GM Joins Talks With California On Emission Standards

Currently, US manufacturers lag the rest of the world on the electric front, but a renewed commitment to solo rules could help them catch up with other global automakers.

General Motors is ending its fight to nullify California’s strict fuel economy rules. The announcement last month by CEO Mary Barra that GM was no longer backing the Trump administration’s fight to prevent the state from setting its own fuel emissions standards earned praise from some experts for her ability to pivot to a new strategy. But how new is it?

“Nothing changed,” in fact, says Carla Bailo, president of the Center for Automotive Research in Ann Arbor, Michigan. All along, GM has pushed for a 50 state standard.” Barra was the first of the Big 3 bosses in Detroit to meet with president-elect Joe Biden, who convinced her that carmakers will now be able “to better negotiate with all parties involved,” namely Washington and the 50 states. Conclusion: the 50-state standard is back on the table.

Still, why did GM, along with Toyota and Fiat Chrysler, join the legal fight in the first place? The answer traces back to the tension between GM and the administration during Trump’s early days in office.
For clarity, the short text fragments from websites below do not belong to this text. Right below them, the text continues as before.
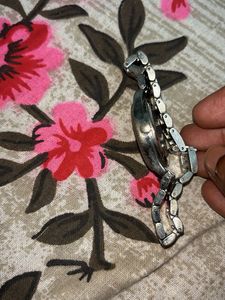 1st copy Gucci Watch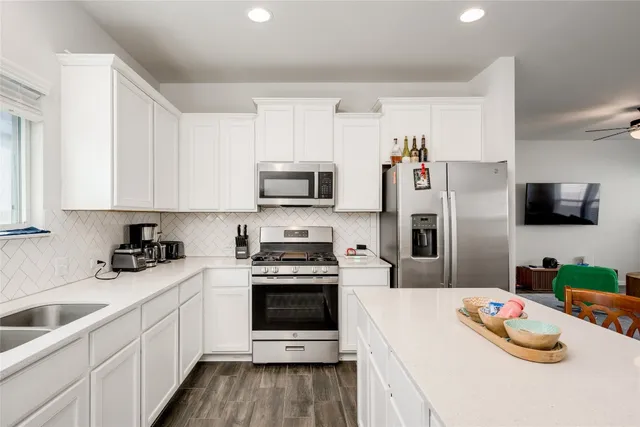 $2,000 | 10712 Timber Brook Pass, Austin, TX 78747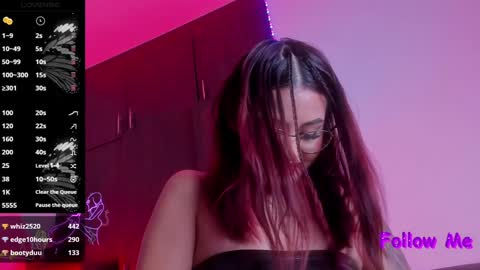 Snapshot of meganwolf1_ chatting on 01-06-25, 09:00 Megan online show from 01-06-25, 09:00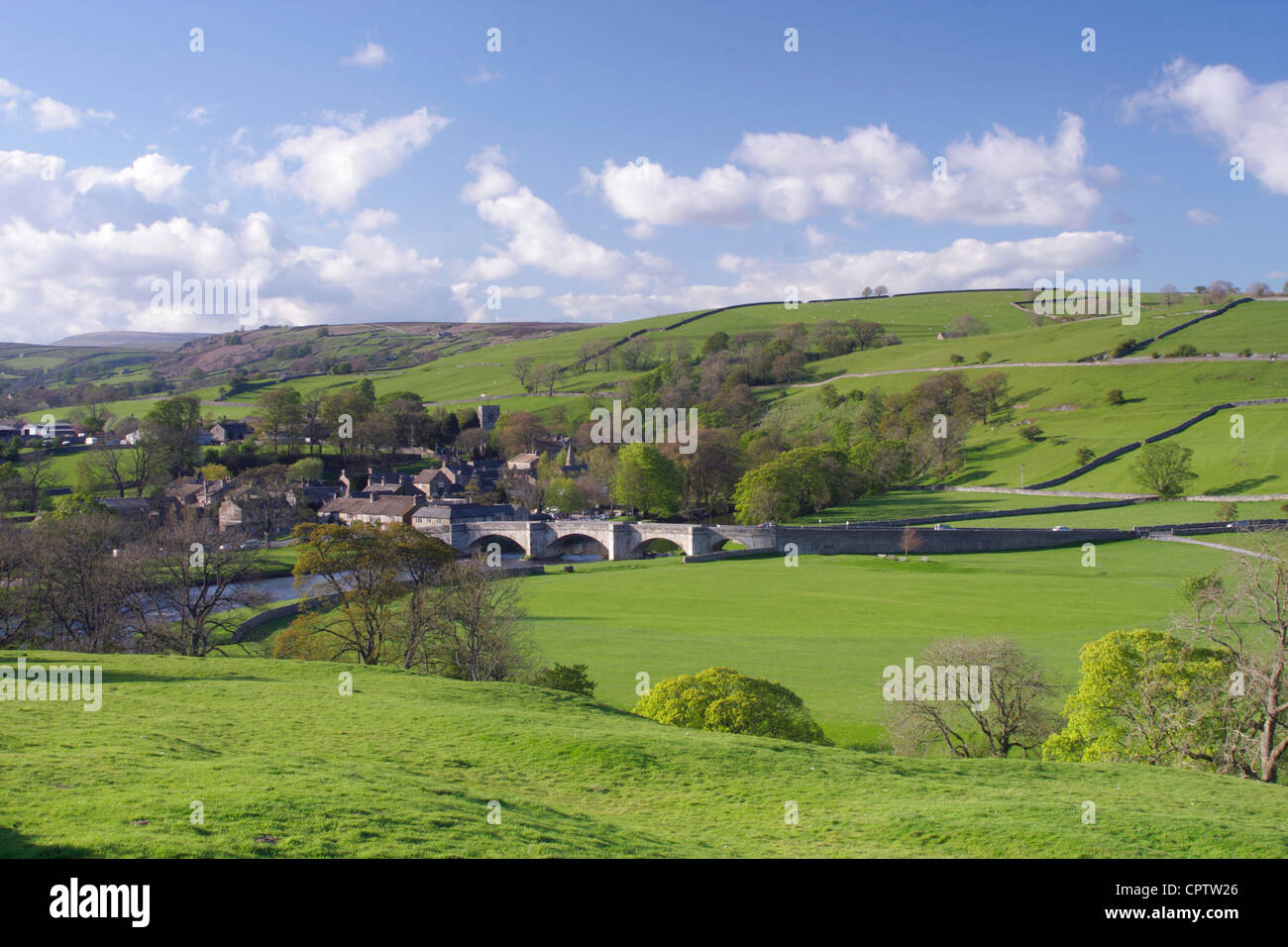 Burnsall bridge and River Wharfe, spring, Lower Wharfedale, Yorkshire Dales National Park, North Yorkshire, England, UK Stock Photo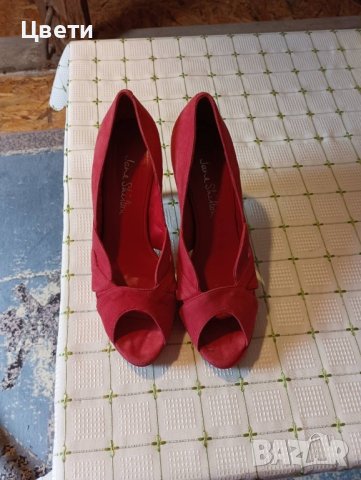Червени обувки на ток, снимка 2 - Дамски ежедневни обувки - 44368426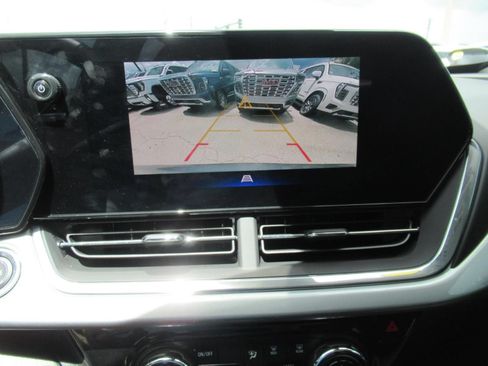 Used 2025 Chevrolet Trax LT w/ Sunroof Package FWD image 30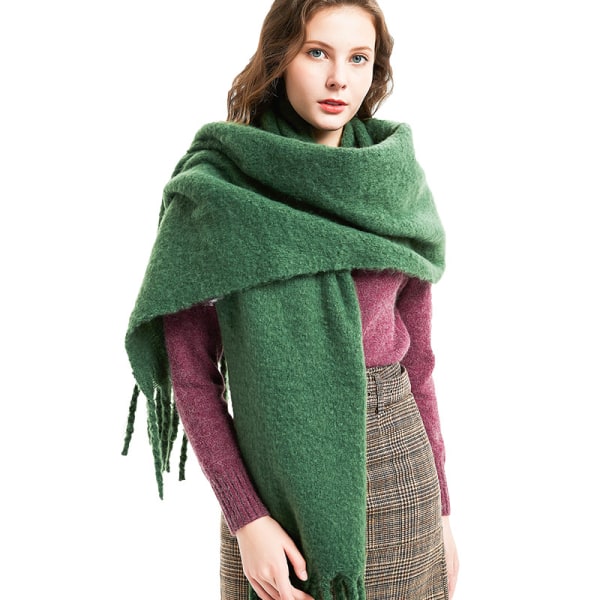 Plain scarf with large thickened shawl pompoms - green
The automaker was closing plants in the U.S., and the president was denouncing it via furious tweets.

“The safest pathway to stay on the amiable side of Washington politics was to fight California,” Carla Bailo argues. Ford, which at the same time announced new U.S. investments, was therefore in a better position and could negotiate with California for a new fuel economy rule without risking the president’s ire.

Now that Biden is preparing to return to stricter Obama-era fuel standards, GM may openly pursue its electric vehicles strategy. The manufacturer recently committed to spend $27 billion on EVs; for the first time, these expenditures will exceed its investment in petroleum-based vehicles.

GM could do so knowing that a 50-state model would save it money. When carmakers have two different CAFE (Corporate Average Fuel Economy) standards to follow, they are obliged to develop different engines, different hybrids, and different manufacturing methods. With only one standard, ““complexity goes down,” says Bailo, reducing costs.

The development of a new vehicle has always been a major expense, ranging from $600 million for a small car to $1 billion for a pickup truck. But the new platforms, or basic structural designs, created for EVs, called “skateboards,” may be standardized. Sedans and crossovers will use identical battery and chassis components. This serves to bring down the overall expense.

Currently, US manufacturers lag the rest of the world on the electric front, but a renewed commitment to solo rules could help them catch up with other global automakers.